[MATERIAL SUPPLIED Boundary: Start]
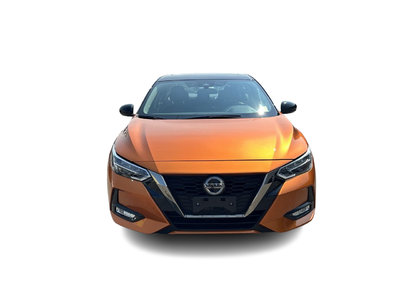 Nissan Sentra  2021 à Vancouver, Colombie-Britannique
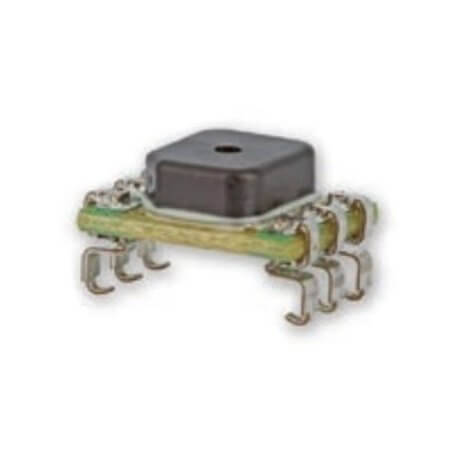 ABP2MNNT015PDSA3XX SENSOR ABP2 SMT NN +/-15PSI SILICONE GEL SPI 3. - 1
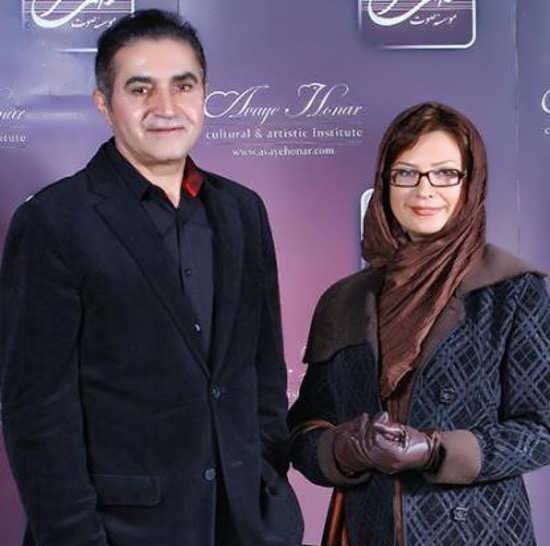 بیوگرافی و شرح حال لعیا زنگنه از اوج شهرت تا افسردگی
[MATERIAL SUPPLIED Boundary: End]
[MATERIAL SUPPLIED Boundary: Start]
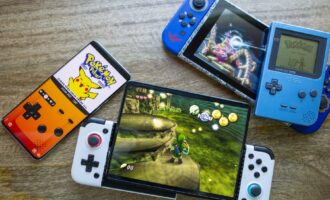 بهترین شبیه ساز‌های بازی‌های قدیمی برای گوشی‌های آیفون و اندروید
[MATERIAL SUPPLIED Boundary: End]
■ THE TASK:
Keep to the lines above from the line with "ABP2MNNT015PDSA3XX SENSOR ABP2" to the line with "بیوگرافی و شرح", and set down exactly those, inclusive, with nothing else and every picture left out.

■ TASK OUTPUT:
 ABP2MNNT015PDSA3XX SENSOR ABP2 SMT NN +/-15PSI SILICONE GEL SPI 3. - 1
 بیوگرافی و شرح حال لعیا زنگنه از اوج شهرت تا افسردگی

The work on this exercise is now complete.